EXERCISE GOAL ▸ Please print each entry below exactly as it reads.

EXTRACTED MATERIAL ▸
---------------

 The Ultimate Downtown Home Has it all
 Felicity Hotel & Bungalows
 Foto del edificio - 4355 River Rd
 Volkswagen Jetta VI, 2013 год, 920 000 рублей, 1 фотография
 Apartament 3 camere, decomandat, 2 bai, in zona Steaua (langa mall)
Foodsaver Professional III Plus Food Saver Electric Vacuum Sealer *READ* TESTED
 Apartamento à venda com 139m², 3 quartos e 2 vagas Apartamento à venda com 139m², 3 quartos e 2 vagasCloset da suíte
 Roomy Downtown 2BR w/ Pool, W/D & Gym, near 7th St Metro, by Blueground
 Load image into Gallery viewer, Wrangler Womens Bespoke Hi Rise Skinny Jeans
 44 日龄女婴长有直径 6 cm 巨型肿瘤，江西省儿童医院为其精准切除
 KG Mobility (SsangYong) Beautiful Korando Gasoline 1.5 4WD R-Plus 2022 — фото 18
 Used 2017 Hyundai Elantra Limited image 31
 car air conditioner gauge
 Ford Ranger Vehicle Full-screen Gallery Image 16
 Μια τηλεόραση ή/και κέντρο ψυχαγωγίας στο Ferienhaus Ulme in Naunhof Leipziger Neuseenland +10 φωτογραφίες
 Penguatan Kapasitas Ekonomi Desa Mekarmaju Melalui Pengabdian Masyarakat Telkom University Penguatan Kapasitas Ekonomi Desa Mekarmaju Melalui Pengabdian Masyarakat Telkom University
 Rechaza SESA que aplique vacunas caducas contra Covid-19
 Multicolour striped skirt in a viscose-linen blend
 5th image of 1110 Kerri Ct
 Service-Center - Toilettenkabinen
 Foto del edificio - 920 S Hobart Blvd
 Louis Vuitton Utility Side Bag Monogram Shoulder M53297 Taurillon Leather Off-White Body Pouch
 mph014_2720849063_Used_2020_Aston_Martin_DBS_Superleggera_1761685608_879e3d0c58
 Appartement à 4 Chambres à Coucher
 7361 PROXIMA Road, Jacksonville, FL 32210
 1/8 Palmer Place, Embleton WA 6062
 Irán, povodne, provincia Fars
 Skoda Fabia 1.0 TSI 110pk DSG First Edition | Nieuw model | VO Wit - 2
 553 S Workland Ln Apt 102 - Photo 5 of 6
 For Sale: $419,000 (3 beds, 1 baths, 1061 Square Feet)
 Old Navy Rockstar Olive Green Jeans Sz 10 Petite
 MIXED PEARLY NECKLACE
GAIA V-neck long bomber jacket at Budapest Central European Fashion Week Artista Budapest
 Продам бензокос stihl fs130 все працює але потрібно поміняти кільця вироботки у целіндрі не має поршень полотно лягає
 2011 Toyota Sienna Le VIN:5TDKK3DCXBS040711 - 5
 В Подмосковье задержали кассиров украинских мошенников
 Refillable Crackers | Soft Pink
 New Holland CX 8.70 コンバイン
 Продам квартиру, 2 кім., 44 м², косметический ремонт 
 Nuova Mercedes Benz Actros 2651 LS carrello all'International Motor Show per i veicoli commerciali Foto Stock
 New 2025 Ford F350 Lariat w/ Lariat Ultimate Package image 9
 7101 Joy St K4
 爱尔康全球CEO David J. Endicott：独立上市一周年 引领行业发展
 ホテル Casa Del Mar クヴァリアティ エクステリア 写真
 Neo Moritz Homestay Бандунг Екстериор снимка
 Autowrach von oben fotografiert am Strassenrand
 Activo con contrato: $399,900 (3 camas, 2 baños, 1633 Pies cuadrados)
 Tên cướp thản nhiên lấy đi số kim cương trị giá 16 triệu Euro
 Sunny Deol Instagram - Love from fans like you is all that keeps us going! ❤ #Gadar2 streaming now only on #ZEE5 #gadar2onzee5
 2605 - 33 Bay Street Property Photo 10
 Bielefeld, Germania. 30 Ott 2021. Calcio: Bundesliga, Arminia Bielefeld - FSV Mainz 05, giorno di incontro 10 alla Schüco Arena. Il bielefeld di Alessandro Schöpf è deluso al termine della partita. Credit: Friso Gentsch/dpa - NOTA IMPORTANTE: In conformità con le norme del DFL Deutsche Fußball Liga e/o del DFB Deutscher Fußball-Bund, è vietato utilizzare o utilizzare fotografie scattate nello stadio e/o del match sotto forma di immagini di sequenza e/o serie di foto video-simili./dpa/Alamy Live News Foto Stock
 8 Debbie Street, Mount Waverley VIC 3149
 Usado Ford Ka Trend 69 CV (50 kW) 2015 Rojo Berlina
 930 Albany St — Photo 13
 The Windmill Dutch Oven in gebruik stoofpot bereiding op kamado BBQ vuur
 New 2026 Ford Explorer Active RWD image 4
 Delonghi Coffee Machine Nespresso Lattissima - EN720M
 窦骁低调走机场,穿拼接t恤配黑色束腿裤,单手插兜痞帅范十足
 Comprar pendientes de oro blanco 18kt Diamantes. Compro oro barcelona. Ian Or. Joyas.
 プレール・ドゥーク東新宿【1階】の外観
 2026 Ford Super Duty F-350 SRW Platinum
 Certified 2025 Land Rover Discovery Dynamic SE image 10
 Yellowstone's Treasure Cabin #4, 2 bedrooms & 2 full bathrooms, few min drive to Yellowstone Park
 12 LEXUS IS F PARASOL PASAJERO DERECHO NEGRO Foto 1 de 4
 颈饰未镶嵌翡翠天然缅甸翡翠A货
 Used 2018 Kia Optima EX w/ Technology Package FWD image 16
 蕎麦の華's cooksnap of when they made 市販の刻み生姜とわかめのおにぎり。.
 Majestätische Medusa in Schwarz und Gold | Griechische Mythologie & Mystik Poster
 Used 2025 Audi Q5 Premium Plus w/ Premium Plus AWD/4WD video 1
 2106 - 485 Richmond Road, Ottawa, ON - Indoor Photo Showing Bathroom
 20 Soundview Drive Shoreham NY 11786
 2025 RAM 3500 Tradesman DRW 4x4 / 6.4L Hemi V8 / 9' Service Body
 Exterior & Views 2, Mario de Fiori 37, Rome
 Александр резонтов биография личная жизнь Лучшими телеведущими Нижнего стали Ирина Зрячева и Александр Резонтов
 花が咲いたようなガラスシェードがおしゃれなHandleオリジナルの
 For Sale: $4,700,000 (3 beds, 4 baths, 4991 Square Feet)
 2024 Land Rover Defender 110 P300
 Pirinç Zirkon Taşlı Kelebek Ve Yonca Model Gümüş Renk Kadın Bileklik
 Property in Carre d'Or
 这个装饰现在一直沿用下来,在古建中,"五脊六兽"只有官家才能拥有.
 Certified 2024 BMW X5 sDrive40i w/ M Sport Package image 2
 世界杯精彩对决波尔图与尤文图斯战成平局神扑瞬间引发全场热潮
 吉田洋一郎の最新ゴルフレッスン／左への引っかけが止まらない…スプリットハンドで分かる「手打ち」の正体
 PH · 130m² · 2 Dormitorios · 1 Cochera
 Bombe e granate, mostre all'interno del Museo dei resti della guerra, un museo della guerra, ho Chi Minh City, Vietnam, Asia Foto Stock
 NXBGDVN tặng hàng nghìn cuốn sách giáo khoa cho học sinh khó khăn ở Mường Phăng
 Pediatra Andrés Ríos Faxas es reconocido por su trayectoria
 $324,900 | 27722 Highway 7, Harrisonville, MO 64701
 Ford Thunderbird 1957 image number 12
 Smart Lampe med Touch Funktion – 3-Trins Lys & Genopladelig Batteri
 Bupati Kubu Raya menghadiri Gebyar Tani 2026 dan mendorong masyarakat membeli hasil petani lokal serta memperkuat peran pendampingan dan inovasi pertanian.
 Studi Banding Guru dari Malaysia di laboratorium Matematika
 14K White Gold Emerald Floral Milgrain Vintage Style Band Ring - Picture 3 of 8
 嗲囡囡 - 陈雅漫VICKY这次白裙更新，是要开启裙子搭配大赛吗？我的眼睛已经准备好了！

---------------

RESPONSE TO THE TASK ▸
 The Ultimate Downtown Home Has it all
 Felicity Hotel & Bungalows
 Foto del edificio - 4355 River Rd
 Volkswagen Jetta VI, 2013 год, 920 000 рублей, 1 фотография
 Apartament 3 camere, decomandat, 2 bai, in zona Steaua (langa mall)
Foodsaver Professional III Plus Food Saver Electric Vacuum Sealer *READ* TESTED
 Apartamento à venda com 139m², 3 quartos e 2 vagas Apartamento à venda com 139m², 3 quartos e 2 vagasCloset da suíte
 Roomy Downtown 2BR w/ Pool, W/D & Gym, near 7th St Metro, by Blueground
 Load image into Gallery viewer, Wrangler Womens Bespoke Hi Rise Skinny Jeans
 44 日龄女婴长有直径 6 cm 巨型肿瘤，江西省儿童医院为其精准切除
 KG Mobility (SsangYong) Beautiful Korando Gasoline 1.5 4WD R-Plus 2022 — фото 18
 Used 2017 Hyundai Elantra Limited image 31
 car air conditioner gauge
 Ford Ranger Vehicle Full-screen Gallery Image 16
 Μια τηλεόραση ή/και κέντρο ψυχαγωγίας στο Ferienhaus Ulme in Naunhof Leipziger Neuseenland +10 φωτογραφίες
 Penguatan Kapasitas Ekonomi Desa Mekarmaju Melalui Pengabdian Masyarakat Telkom University Penguatan Kapasitas Ekonomi Desa Mekarmaju Melalui Pengabdian Masyarakat Telkom University
 Rechaza SESA que aplique vacunas caducas contra Covid-19
 Multicolour striped skirt in a viscose-linen blend
 5th image of 1110 Kerri Ct
 Service-Center - Toilettenkabinen
 Foto del edificio - 920 S Hobart Blvd
 Louis Vuitton Utility Side Bag Monogram Shoulder M53297 Taurillon Leather Off-White Body Pouch
 mph014_2720849063_Used_2020_Aston_Martin_DBS_Superleggera_1761685608_879e3d0c58
 Appartement à 4 Chambres à Coucher
 7361 PROXIMA Road, Jacksonville, FL 32210
 1/8 Palmer Place, Embleton WA 6062
 Irán, povodne, provincia Fars
 Skoda Fabia 1.0 TSI 110pk DSG First Edition | Nieuw model | VO Wit - 2
 553 S Workland Ln Apt 102 - Photo 5 of 6
 For Sale: $419,000 (3 beds, 1 baths, 1061 Square Feet)
 Old Navy Rockstar Olive Green Jeans Sz 10 Petite
 MIXED PEARLY NECKLACE
GAIA V-neck long bomber jacket at Budapest Central European Fashion Week Artista Budapest
 Продам бензокос stihl fs130 все працює але потрібно поміняти кільця вироботки у целіндрі не має поршень полотно лягає
 2011 Toyota Sienna Le VIN:5TDKK3DCXBS040711 - 5
 В Подмосковье задержали кассиров украинских мошенников
 Refillable Crackers | Soft Pink
 New Holland CX 8.70 コンバイン
 Продам квартиру, 2 кім., 44 м², косметический ремонт 
 Nuova Mercedes Benz Actros 2651 LS carrello all'International Motor Show per i veicoli commerciali Foto Stock
 New 2025 Ford F350 Lariat w/ Lariat Ultimate Package image 9
 7101 Joy St K4
 爱尔康全球CEO David J. Endicott：独立上市一周年 引领行业发展
 ホテル Casa Del Mar クヴァリアティ エクステリア 写真
 Neo Moritz Homestay Бандунг Екстериор снимка
 Autowrach von oben fotografiert am Strassenrand
 Activo con contrato: $399,900 (3 camas, 2 baños, 1633 Pies cuadrados)
 Tên cướp thản nhiên lấy đi số kim cương trị giá 16 triệu Euro
 Sunny Deol Instagram - Love from fans like you is all that keeps us going! ❤ #Gadar2 streaming now only on #ZEE5 #gadar2onzee5
 2605 - 33 Bay Street Property Photo 10
 Bielefeld, Germania. 30 Ott 2021. Calcio: Bundesliga, Arminia Bielefeld - FSV Mainz 05, giorno di incontro 10 alla Schüco Arena. Il bielefeld di Alessandro Schöpf è deluso al termine della partita. Credit: Friso Gentsch/dpa - NOTA IMPORTANTE: In conformità con le norme del DFL Deutsche Fußball Liga e/o del DFB Deutscher Fußball-Bund, è vietato utilizzare o utilizzare fotografie scattate nello stadio e/o del match sotto forma di immagini di sequenza e/o serie di foto video-simili./dpa/Alamy Live News Foto Stock
 8 Debbie Street, Mount Waverley VIC 3149
 Usado Ford Ka Trend 69 CV (50 kW) 2015 Rojo Berlina
 930 Albany St — Photo 13
 The Windmill Dutch Oven in gebruik stoofpot bereiding op kamado BBQ vuur
 New 2026 Ford Explorer Active RWD image 4
 Delonghi Coffee Machine Nespresso Lattissima - EN720M
 窦骁低调走机场,穿拼接t恤配黑色束腿裤,单手插兜痞帅范十足
 Comprar pendientes de oro blanco 18kt Diamantes. Compro oro barcelona. Ian Or. Joyas.
 プレール・ドゥーク東新宿【1階】の外観
 2026 Ford Super Duty F-350 SRW Platinum
 Certified 2025 Land Rover Discovery Dynamic SE image 10
 Yellowstone's Treasure Cabin #4, 2 bedrooms & 2 full bathrooms, few min drive to Yellowstone Park
 12 LEXUS IS F PARASOL PASAJERO DERECHO NEGRO Foto 1 de 4
 颈饰未镶嵌翡翠天然缅甸翡翠A货
 Used 2018 Kia Optima EX w/ Technology Package FWD image 16
 蕎麦の華's cooksnap of when they made 市販の刻み生姜とわかめのおにぎり。.
 Majestätische Medusa in Schwarz und Gold | Griechische Mythologie & Mystik Poster
 Used 2025 Audi Q5 Premium Plus w/ Premium Plus AWD/4WD video 1
 2106 - 485 Richmond Road, Ottawa, ON - Indoor Photo Showing Bathroom
 20 Soundview Drive Shoreham NY 11786
 2025 RAM 3500 Tradesman DRW 4x4 / 6.4L Hemi V8 / 9' Service Body
 Exterior & Views 2, Mario de Fiori 37, Rome
 Александр резонтов биография личная жизнь Лучшими телеведущими Нижнего стали Ирина Зрячева и Александр Резонтов
 花が咲いたようなガラスシェードがおしゃれなHandleオリジナルの
 For Sale: $4,700,000 (3 beds, 4 baths, 4991 Square Feet)
 2024 Land Rover Defender 110 P300
 Pirinç Zirkon Taşlı Kelebek Ve Yonca Model Gümüş Renk Kadın Bileklik
 Property in Carre d'Or
 这个装饰现在一直沿用下来,在古建中,"五脊六兽"只有官家才能拥有.
 Certified 2024 BMW X5 sDrive40i w/ M Sport Package image 2
 世界杯精彩对决波尔图与尤文图斯战成平局神扑瞬间引发全场热潮
 吉田洋一郎の最新ゴルフレッスン／左への引っかけが止まらない…スプリットハンドで分かる「手打ち」の正体
 PH · 130m² · 2 Dormitorios · 1 Cochera
 Bombe e granate, mostre all'interno del Museo dei resti della guerra, un museo della guerra, ho Chi Minh City, Vietnam, Asia Foto Stock
 NXBGDVN tặng hàng nghìn cuốn sách giáo khoa cho học sinh khó khăn ở Mường Phăng
 Pediatra Andrés Ríos Faxas es reconocido por su trayectoria
 $324,900 | 27722 Highway 7, Harrisonville, MO 64701
 Ford Thunderbird 1957 image number 12
 Smart Lampe med Touch Funktion – 3-Trins Lys & Genopladelig Batteri
 Bupati Kubu Raya menghadiri Gebyar Tani 2026 dan mendorong masyarakat membeli hasil petani lokal serta memperkuat peran pendampingan dan inovasi pertanian.
 Studi Banding Guru dari Malaysia di laboratorium Matematika
 14K White Gold Emerald Floral Milgrain Vintage Style Band Ring - Picture 3 of 8
 嗲囡囡 - 陈雅漫VICKY这次白裙更新，是要开启裙子搭配大赛吗？我的眼睛已经准备好了！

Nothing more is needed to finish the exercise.